Re: German Umlauts / UTF8 with comparse
Yes, this helps. Kind of ;-) ... using the character set char-set:alphabetic, my umlauts are now parsed. But I don't get them back in my result, at least not as printable characters. Instead, the following happens, and utterly confuses me: #;2> (define s3 (parse letters (string->list s))) #;3> s3 "Gnsesger" #;4> (string-length s3) 6 #;5> (string->list s3) (#\G #\x4bb3 #\e #\s #\x49e5 #\r) #;6> (list->string (string->list s3)) "G䮳es䧥r" So, I put the parse result into 's3'. Printing it, I read an eight character string, namely the one I want, minus my beloved umlauts. 'string-length' returns that string to be six characters long, and 'string->list' gives me exactly that, swallowing still other ASCII characters of my string and reversing that using 'list->string' includes Chinese ... even though '(list->string (string->list s1))', with my pure ASCII string, reverses without fault.
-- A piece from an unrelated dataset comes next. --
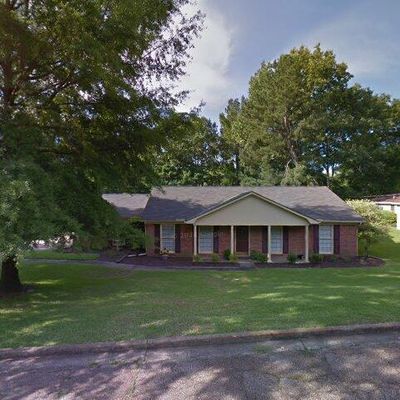 109 Pinewood Dr, Starkville, MS 39759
I guess I have some problems understanding some utf8 concepts?! /Christoph On Mon, Feb 17, 2020 at 3:38 PM wrote: > Christoph Lange wrote: > > meaning, that the ä isn't recognized as being a letter within the > > 'char-set:letter'. > > The utf8 egg’s srfi-14 character sets are designed to be compatible with > the original srfi-14 and only contain ASCII characters, as stated in the > documentation: > https://wiki.call-cc.org/eggref/5/utf8#unicode-char-sets > “The default SRFI-14 char-sets are defined using ASCII-only characters” > > You might want to import the unicode-char-sets module, and use one of its > sets, like char-set:alphabetic. > > I hope this helps. :) > -- Christoph Lange Lotsarnas Väg 8 430 83 Vrångö
Re: German Umlauts / UTF8 with comparse
Christoph Lange wrote: > meaning, that the ä isn't recognized as being a letter within the > 'char-set:letter'. The utf8 egg’s srfi-14 character sets are designed to be compatible with the original srfi-14 and only contain ASCII characters, as stated in the documentation: https://wiki.call-cc.org/eggref/5/utf8#unicode-char-sets “The default SRFI-14 char-sets are defined using ASCII-only characters” You might want to import the unicode-char-sets module, and use one of its sets, like char-set:alphabetic. I hope this helps. :)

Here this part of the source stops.